Kasowy PIT zmieni także zasady ewidencji rachunkowej przedsiębiorców. Zgodnie z założeniami nowych regulacji, przychód z działalności gospodarczej powstanie w momencie otrzymania zapłaty od klienta, natomiast koszt uzyskania przychodu dopiero w momencie uregulowania zobowiązania. Oznacza to, że podatnik nie będzie mógł ująć nieopłaconych należności w ewidencji przychodów lub KPIR. Podobna sytuacja wystąpi z nieopłaconymi fakturami dokumentującymi koszty. Dlatego przedsiębiorcy stosujący kasowe rozliczanie PIT będą zobowiązani prowadzić ewidencję faktur, dokumentujących przychody rozliczane metodą kasową, zawierającą co najmniej:
- datę wystawienia;
- numer faktury;
- kwotę należności wynikającą z faktury;
- datę (i kwotę) uregulowania płatności.
Dodatkowe obowiązki ewidencyjne i wzrost czasochłonności obsługi mogą negatywnie wpłynąć na ceny usług księgowych oferowanych „kasowym klientom”.
Ponadto, ustawodawca wskazuje na konieczność dostosowania, dokonywanego minimum raz do roku, spisu z natury do przepisów kasowego PIT. Przedsiębiorca decydujący się na kasowe rozliczanie swoich dochodów będzie obejmował remanentem także towary, za które jeszcze nie zapłacił. Nie będzie możliwości ujęcia ich jako koszty uzyskania przychodu do momentu zapłaty. Zgodnie z projektem nowelizacji rozporządzenia w sprawie prowadzenia KPIR, podatnik będzie miał jednak prawo do pomniejszenia spisu z natury o wartość ujętych w nim towarów, które w danym roku nie zostały zaksięgowane.
Czy fakturowanie to dla Ciebie strata czasu?
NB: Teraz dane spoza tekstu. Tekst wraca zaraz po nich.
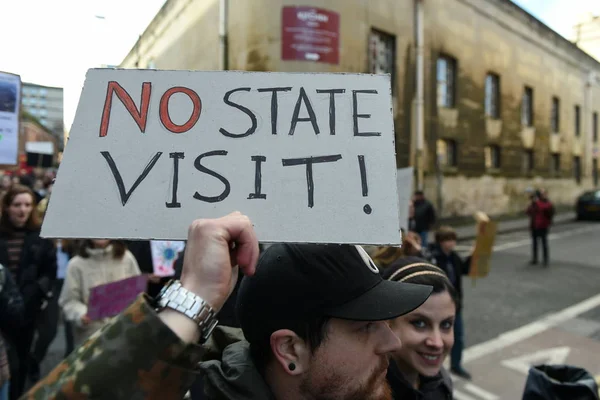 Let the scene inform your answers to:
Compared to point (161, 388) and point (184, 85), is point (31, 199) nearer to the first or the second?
point (184, 85)

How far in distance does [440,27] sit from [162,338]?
57.5 ft

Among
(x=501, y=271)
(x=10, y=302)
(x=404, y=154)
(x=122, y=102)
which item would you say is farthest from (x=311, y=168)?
(x=404, y=154)

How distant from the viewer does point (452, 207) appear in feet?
54.9

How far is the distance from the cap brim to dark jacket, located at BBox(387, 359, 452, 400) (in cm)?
57

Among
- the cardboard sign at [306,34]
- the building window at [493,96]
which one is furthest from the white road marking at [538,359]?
the building window at [493,96]

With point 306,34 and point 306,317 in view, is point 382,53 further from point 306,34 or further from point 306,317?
point 306,317

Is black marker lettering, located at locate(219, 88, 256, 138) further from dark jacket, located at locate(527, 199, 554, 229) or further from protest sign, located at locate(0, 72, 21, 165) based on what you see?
dark jacket, located at locate(527, 199, 554, 229)

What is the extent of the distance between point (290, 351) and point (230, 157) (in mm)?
530

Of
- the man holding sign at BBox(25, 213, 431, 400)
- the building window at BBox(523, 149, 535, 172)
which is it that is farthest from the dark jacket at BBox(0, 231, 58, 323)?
the building window at BBox(523, 149, 535, 172)

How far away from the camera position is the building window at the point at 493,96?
19.2m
Program Faktura.pl sprawi, że fakturowanie zajmie Ci mniej, niż 30 sekund. Przez pierwszy miesiąc darmowego korzystania z aplikacji zobaczysz, jak jej funkcje uproszczą Ci życie. Oto zalety korzystania z Faktura.pl:
✅ Automatyczne wystawianie faktur cyklicznych
✅ Wysyłka dokumentów z poziomu aplikacji
✅ Program zintegrowany z Krajowym Systemem e-Faktur
✅ Możliwość księgowania swoich kosztów za pomocą kilku kliknięć
✅ Natychmiastowa płatność przy pomocy przycisku „Kliknij, aby opłacić fakturę” umieszczonego na dokumencie
✅ Funkcja magazynu z możliwością zintegrowania z Allegro
Hit czy kit?
Regulacje kasowego PIT, wprowadzające ograniczenia dotyczące nie tylko wielkości przychodów osiąganych przez podatników, czy formy prowadzenia działalności gospodarczej, ale także rodzaju transakcji, mogą sprawić, że z nowego rozwiązania skorzystają naprawdę nieliczni. Biorąc pod uwagę, że kasowy PIT nie zwalnia z obowiązku zapłaty podatku dochodowego od nieopłaconych należności, a jedynie odwleka go o maksymalnie 2 lata. Korzystanie z nowych regulacji może oznaczać wyższe wydatki na księgowość, co może się okazać, że nowe przepisy dość szybko staną się…martwe.
Zainteresował Cię ten artykuł? Czytaj więcej takich treści w ramach cyklu „Alarm podatkowy”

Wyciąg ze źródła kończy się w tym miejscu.